I also thought for some time, about how to present and introduction to C++ programming. I thought that I could have done in short bursts where I would have Introduced you bit by bit, but that would have been waste of your time since you would not really learn anything by taking bits of information and then leave you to figure out whats going on. I also thought to segment my tutorials for example post one  topic about variables, another about I/O etc. but then you would have advanced too much in one particular area while leaving some basic stuffs unprocessed so I thought that part 2 of the introduction would contain some basic general knowledge about basics of programming languages, variables and some arithmetic operations.

I also think that you should seriously think about getting in to the C, C#, C++ and Java programming. One the side you can take some basic courses in Python, Pearl, Ruby and PHP. These all matter in the coming work life because to be able to finnish (see the funny pun related to my location) a work, you need to be able to integrate different technologies with each other for example to be able to create web applications these days you will need some basic knowledge in Java, HTML, JSP and CSS among other things. I do not want to stress you out but it’s good that you have even decided to start learn some basics of C++. Here is a chart, from a link that I got from my course teacher.

language-ranking-0912

Image of different programming language’s and their popularity among the users.
Here is the link to the source: http://redmonk.com/sogrady/2012/09/12/language-rankings-9-12/. Do note that not all technologies handle the same jobs meaning that they are good for different areas in a system. Ruby for example is said to be good for database retrieving and processing related stuff. Matlab is a program for modeling 3D objects to mimic real life objects in terms of physics among other things. What I am trying to say that using one technology is not a smart idea. Ask any professional and you will hear the same thing. Its another thing to be an expert in one specific area like  C/C#.

BASICS
Anyway back to the topic. As you may or may not know, C++ is a programming language where you have can write and compile programs. The programs have to be written in logical, arithmetically and mathematically right way if you want a working program. By arithmetical and mathematical I mean that the code must be written in a way that it calculates the values in order that you will have your desired outcome. It would be silly to write a program that is useless isn’t it? What is the point of giving the input of  2 + 2 if the outcome is 6 after compiling your code? So you have to plan ahead how it would be wise to write the code, although there are some who just write without planning with a model in mind and the program turns out great. C++ language is both high and low-level language meaning that you have your:

1. High-level easily understandable abstract words that hide all the memory processing, assignments and registers, basically all the bit (zeros and ones) processing. High Level language is good for algorithmic programming and the language is in a form where it can be understood, debugged and programmed easily. All the functions in high-level programming languages are also in easily understood forms, where it does not take a long time for ordinary people to learn. The language is also very simple to program complex systems with the trade-off from efficiency.

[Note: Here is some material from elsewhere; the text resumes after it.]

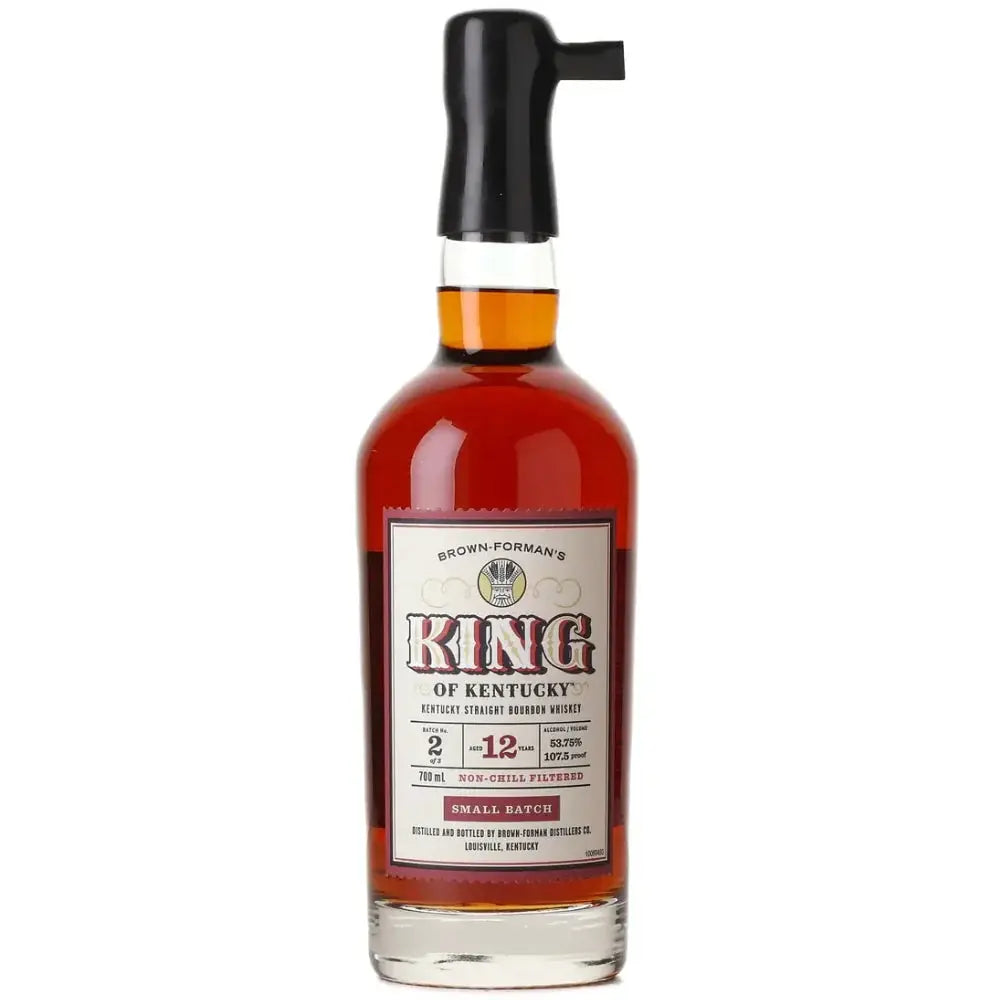 A 700mL bottle of King of Kentucky Small Batch 12 Year Batch 2 features a wax seal and highlights its heritage on the front label.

The trade-off comes when you have user-friendly long words to create small programs with long codes and if you are novice with a lot of memory (If you are not familiar with efficient memory allocation) instead of efficiency that you have with codes closer to hardware that do not need compilers to translate the words into machine readable code.

2. Low-level language is more close to the hardware, unlike the higher-level language and if I read correctly from literal sources, it basically is on the level of machine. The only thing that the computer does is to check if the syntax is right and then the computer processes it to something meaningful to us humans from what I have understood.

The “close to the hardware” meter depends on the programming language. The more you go back in time, the more closer you will get to the hardware. When you look at the first computers that worked with electricity you will understand that they were basically huge micro controllers/processors in my opinion.

They were just machines, made for computing simple mathematical problems by creating a ping pong system made up of resistors among other early electronics to guide electricity from point A to point B to C. Then we had more advanced computers when we eventually came to era where punch cards were used to program the computers although not in this order. There were many other computer systems before the punch card’s but the point I was trying to make that we progressed from huge computer rooms where the electricity itself was being controlled to be able to compute arithmetic equations to the era where we inputted zeros and ones to the computers to the era of more human understandable high-level languages because binary and Hex codes are universally known to be unreadable and hard to compile complex programs to humans and there used to be a lot of problems with these systems especially if there was a compiling error in the system where the scientists had to use hours searching/debug for problems.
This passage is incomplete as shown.